- AIM OF THE TASK: Exclude every picture. Output verbatim the lines from the one containing "PHILIPS - AUDIFONOS" to the end of the data.

- DATA:

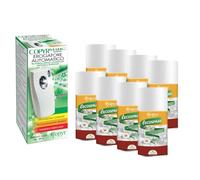 Insetticida Ecospray al Piretro pronto all'uso con Erogatore,antizanzara,mosche e insetti volanti,per alberghi,ospedali,ristoranti.Per uso civile e domestico.Bomboletta da 250ml X 8pezzi +1 Erogatore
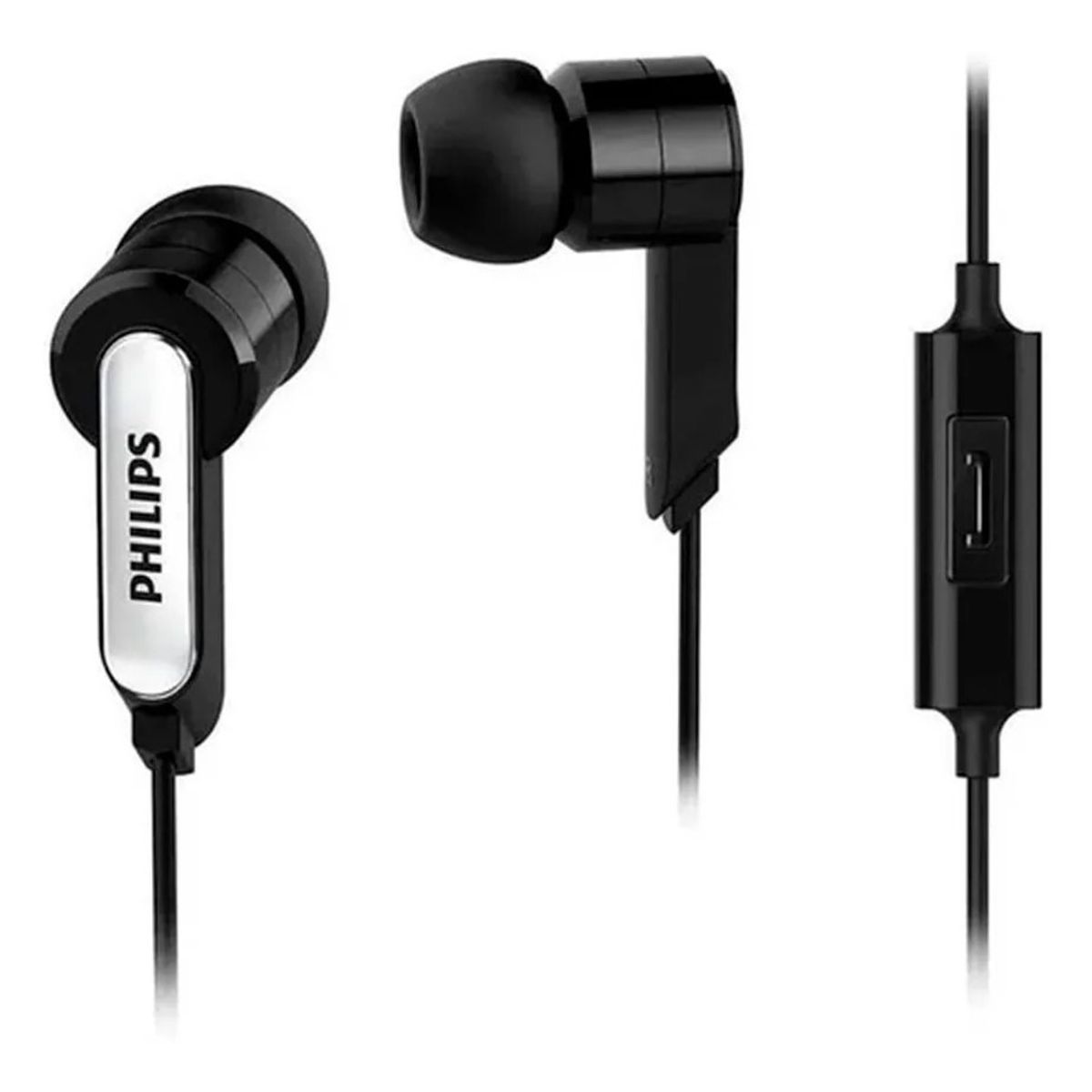 PHILIPS - AUDIFONOS IN EAR MANOS LIBRES JACK 35M NEGRO SHE1405BK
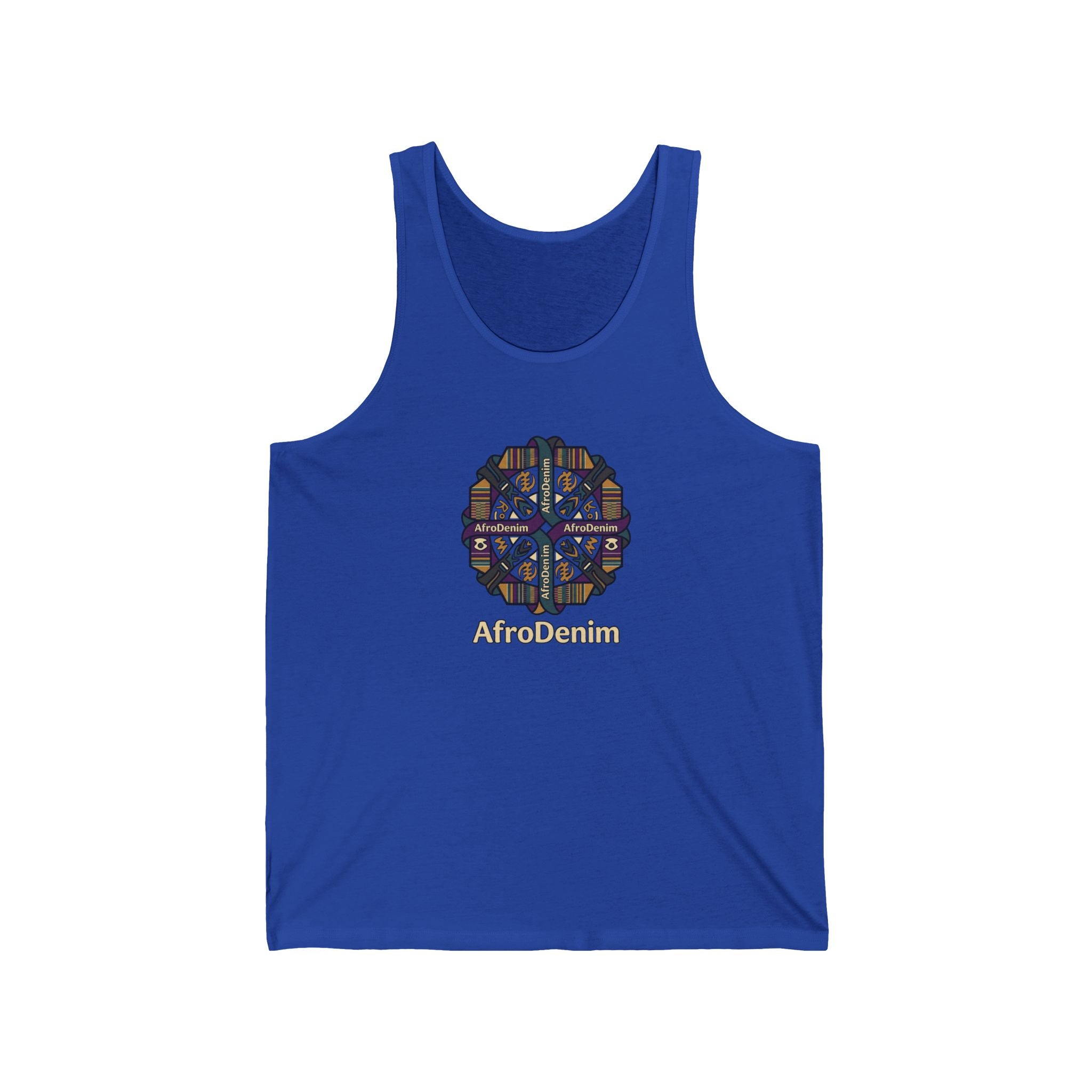 AfroDandelion Tribal Mandala Tank Top — African-Inspired Graphic Jersey Tank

- RESULT:
 PHILIPS - AUDIFONOS IN EAR MANOS LIBRES JACK 35M NEGRO SHE1405BK
 AfroDandelion Tribal Mandala Tank Top — African-Inspired Graphic Jersey Tank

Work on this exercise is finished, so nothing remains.